__Assignment__: Your answer must be an exact copy of the entries, containing no images.
<<<<
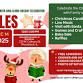 Jolly Jingles: A Santa Sing-a-Long Celebration event in Woodstock, IL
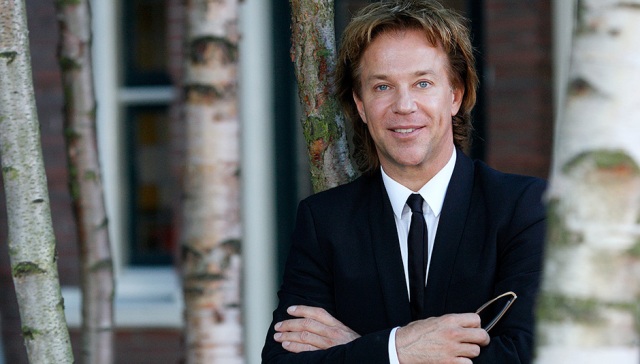 Эрик ван Эгераат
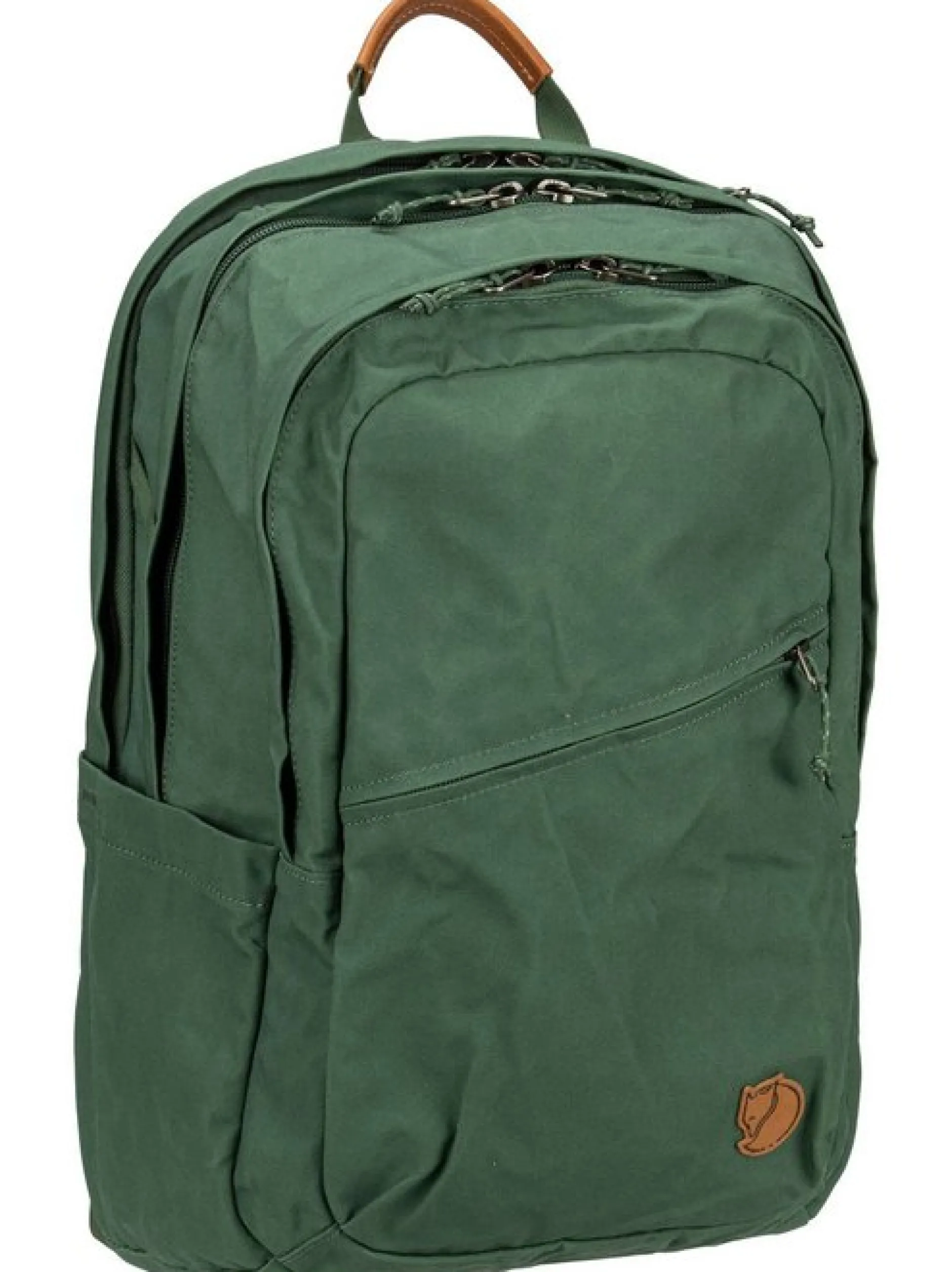 Fjällräven Unisex Rucksack - Räven 28 in grün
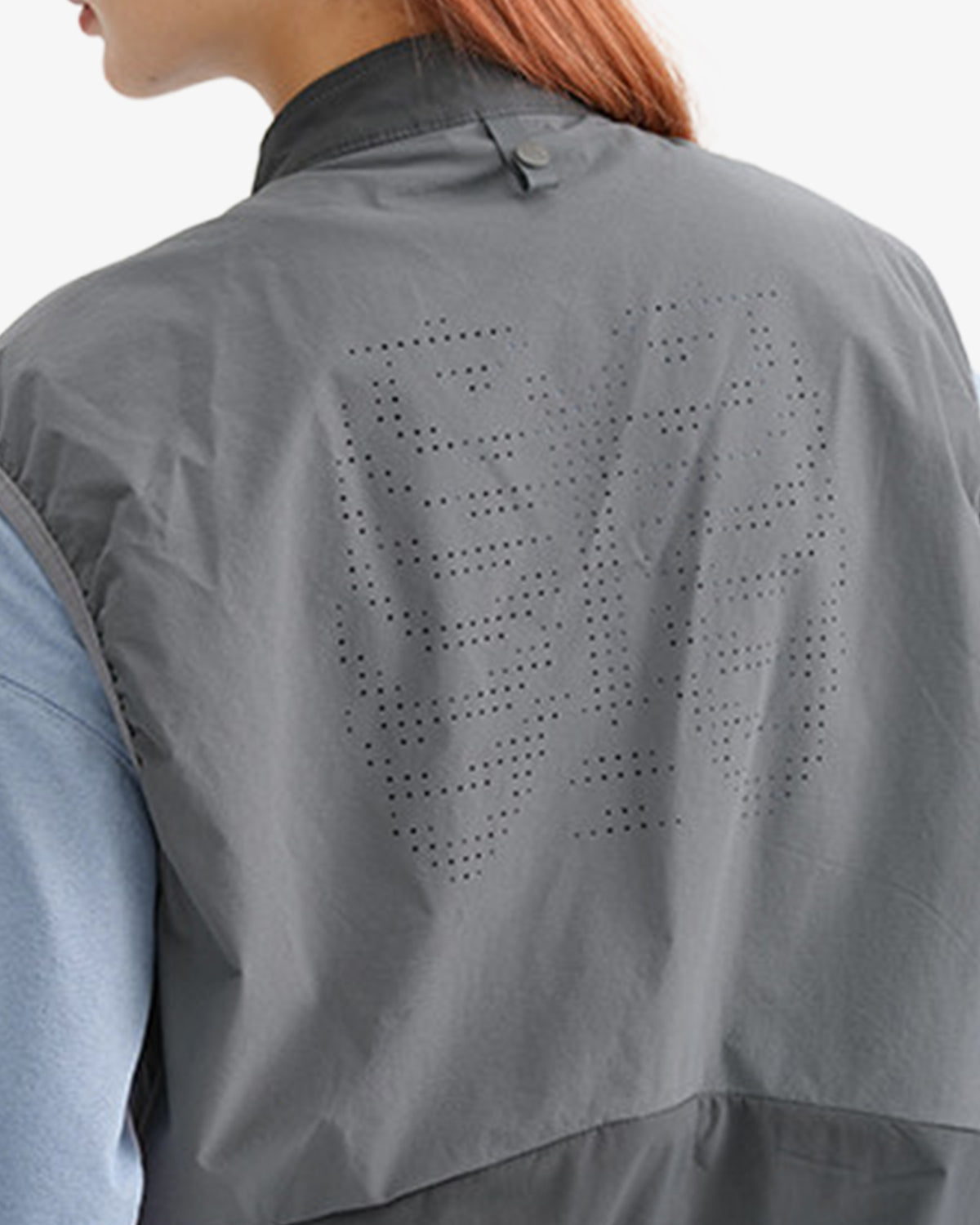 2-in-1 Packable Hiking Jacket & Vest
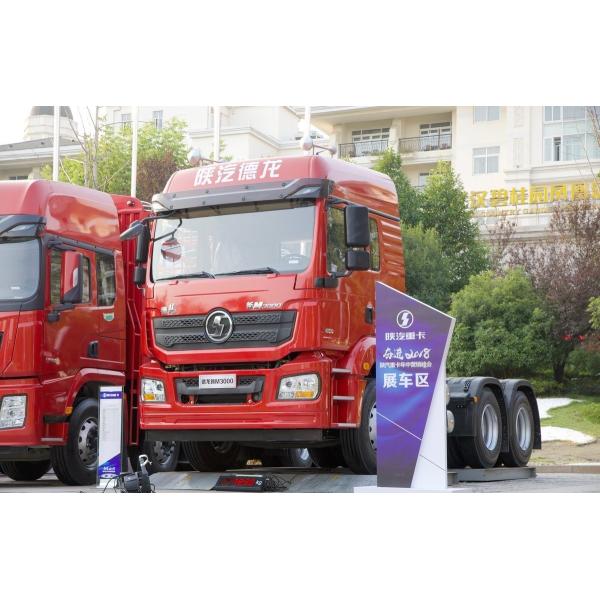 New Shacman 6x4 M3000 Truck Head Tractor Trucks On Sale For Africa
>>>>
__Solution for this exercise__:
 Jolly Jingles: A Santa Sing-a-Long Celebration event in Woodstock, IL
 Эрик ван Эгераат
 Fjällräven Unisex Rucksack - Räven 28 in grün
 2-in-1 Packable Hiking Jacket & Vest
 New Shacman 6x4 M3000 Truck Head Tractor Trucks On Sale For Africa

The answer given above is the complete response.